O que parecia ir acontecer, não acontece. Na noite de 16 de dezembro de 2001 tudo muda. A derrota eleitoral nas autárquicas [PSD conquista 142 câmaras contra 113 do PS] , depois de duas remodelações no governo em quatro meses, a saída de Jorge Coelho após a queda da ponte de Entre-os-Rios, leva António Guterres a tomar a decisão de se demitir, contra a vontade do seu núcleo mais próximo de dirigentes do PS, e a telefonar a Jorge Sampaio. Na comunicação ao país fica célebre a explicação: evitar que Portugal "caia num pântano político".
Com a dissolução da Assembleia da República, a lei caduca. Volta tudo à estaca zero.
Em 2003, socialistas e bloquistas voltam à carga, mas os projetos, em tudo semelhantes aos de 2001, não são sequer discutidos. Durão Barroso tinha abandonado o governo para ir para a Comissão Europeia; Santana Lopes tomaria posse como primeiro-ministro, mas cairia quatro meses depois. Jorge Sampaio dissolve o parlamento e convoca eleições. "Fartei-me do Santana como primeiro-ministro, estava a deixar o país à deriva", diria mais tarde na sua biografia política, da autoria de José Pedro Castanheira.
A dissolução da Assembleia da República, por coincidência novamente em dezembro, adia mais uma vez a paridade imposta por lei.
Na legislatura seguinte, no governo de José Sócrates, o BE apresenta três projetos de lei de alteração das leis eleitorais para a Assembleia da República, para os órgãos das Autarquias Locais e para o Parlamento Europeu, introduzindo o requisito da paridade. O PS, no seu projeto, insiste "na representação mínima de 33%" de cada um dos sexos. Tudo é debatido e aprovado, só que é vetado por Cavaco Silva.

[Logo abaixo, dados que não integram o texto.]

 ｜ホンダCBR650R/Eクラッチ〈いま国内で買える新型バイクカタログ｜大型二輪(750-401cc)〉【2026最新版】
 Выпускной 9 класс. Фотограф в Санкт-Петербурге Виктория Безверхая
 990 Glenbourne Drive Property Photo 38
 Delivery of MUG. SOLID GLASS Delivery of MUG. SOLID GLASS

O então Presidente da República não aceita que se possam rejeitar listas de candidaturas que não cumpram a lei. Cavaco Silva alega que se está perante um regime sancionador "excessivo e desproporcionado."

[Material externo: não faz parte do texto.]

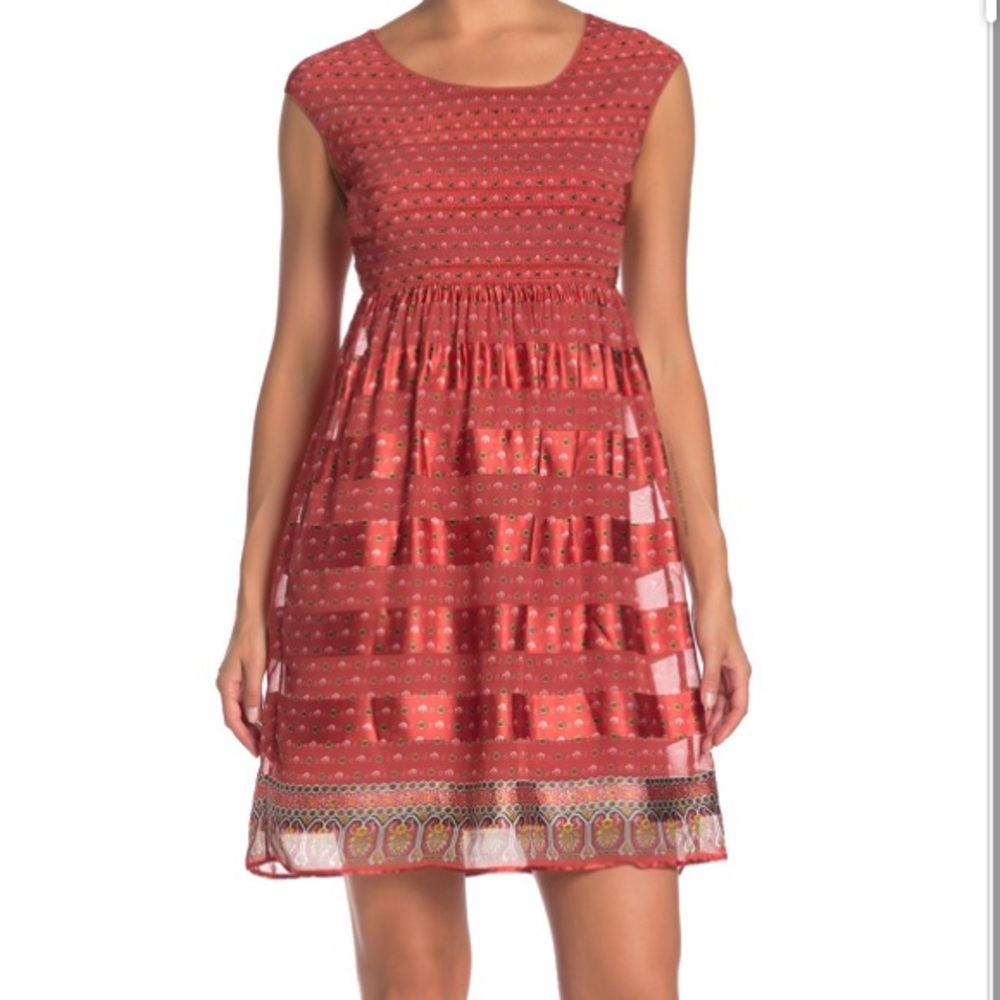 Max Studio Cap sleeve dress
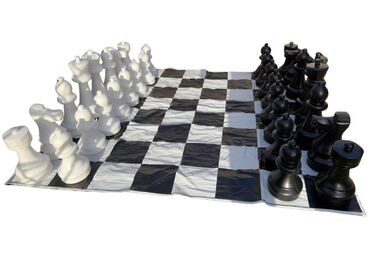 Giant Chess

De regresso ao parlamento, o texto é reapreciado e votado com alterações. A lei é aprovada a 6 de julho de 2006 [mantêm-se os votos contra de PSD, PEV, PCP e CDS]e entra em vigor a 21 de agosto. O castigo pelo incumprimento fica reduzido a uma redução das subvenções públicas para as campanhas eleitorais.

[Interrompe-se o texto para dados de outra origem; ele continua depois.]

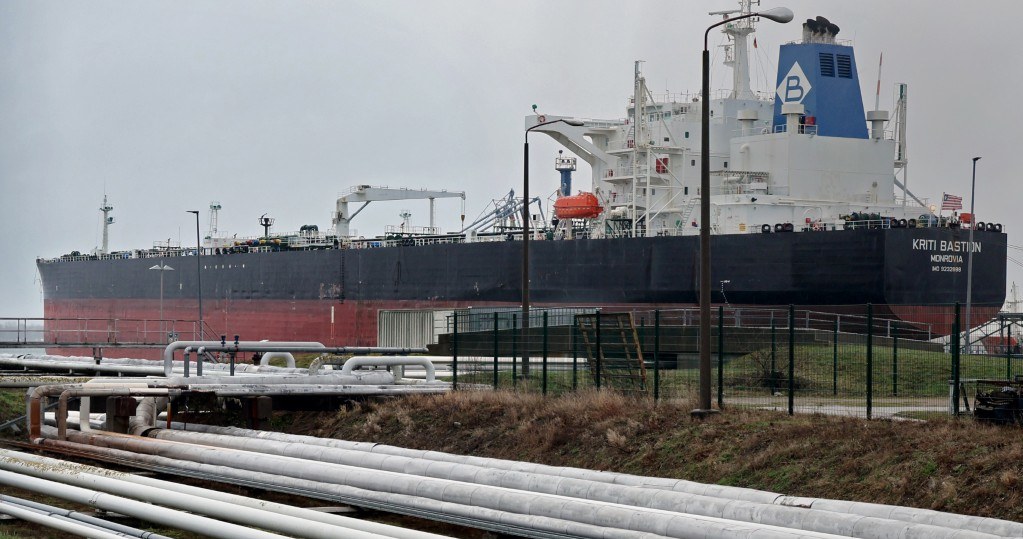 Tankowiec w porcie naftowym na Morzu Bałtyckim (zdj. ilustracyjne) /BERND WUSTNECK/DPA /AFP
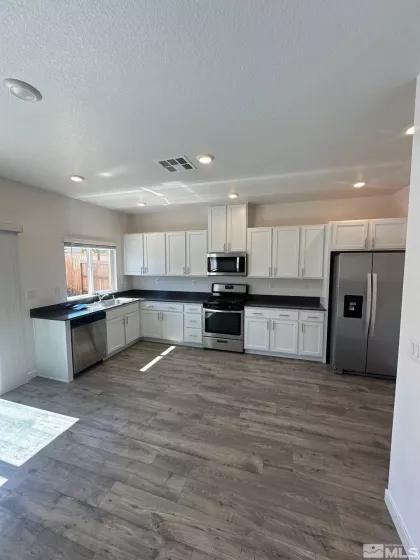 420 Summer Triangle, Reno, Nevada 89506, 4 Bedrooms Bedrooms, ,3 BathroomsBathrooms,Residential Lease,Manufactured,Summer Triangle,250052934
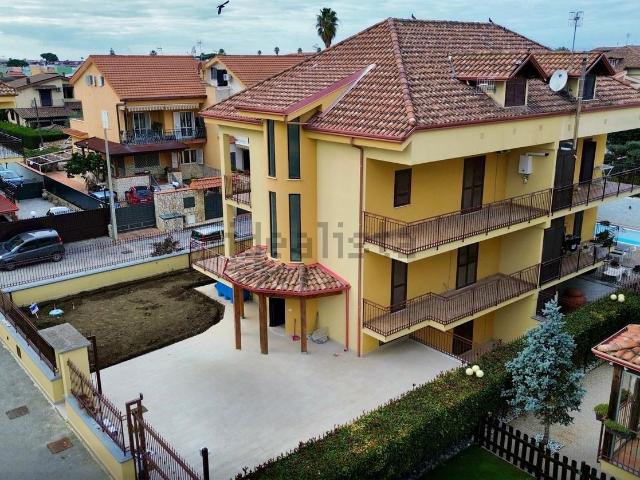 Villetta bifamiliare in affitto di 260 m² in Via Ripuaria, 155
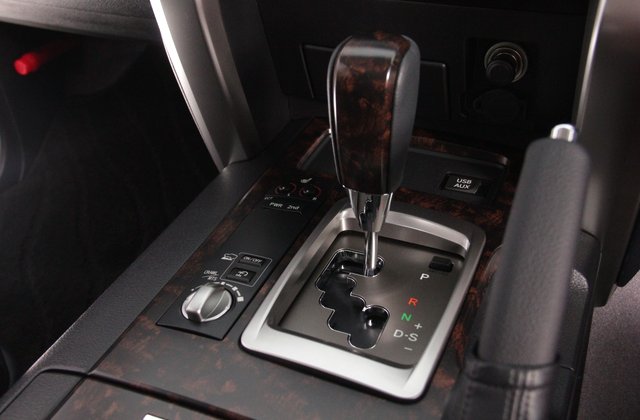 トヨタランドクルーザーAX Gセレクション
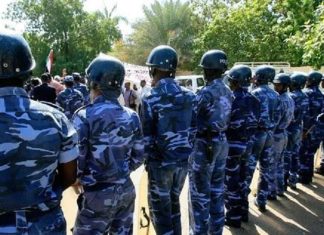 عصابة مسلحة تعتدي على ضابط وتنهب هاتفه بالخرطوم عصابة مسلحة تعتدي على ضابط وتنهب هاتفه بالخرطوم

Em 2017, há alterações: é revogada a exceção sobre freguesias com 750 ou menos eleitores e aos municípios com 7500 ou menos eleitores.
Em 2019, após discussões em comissão parlamentar que eliminam a ideia de alternância de género nos dois primeiros lugares das listas, entre outras propostas, é aprovado a subida do limiar representação de cada sexo para os 40%, determinando que não podem ser colocados mais de dois candidatos do mesmo sexo, consecutivamente, na ordenação da lista.
E o que Cavaco Silva vetou é retomado: a rejeição da lista que não cumpra o critério da paridade. Fica também na nova versão que "em caso de substituição de titular de mandato eletivo, o mandato é conferido a um candidato do mesmo sexo da respetiva lista." Está na lei, mas a exigência, sem sanção, raramente tem sido aplicada.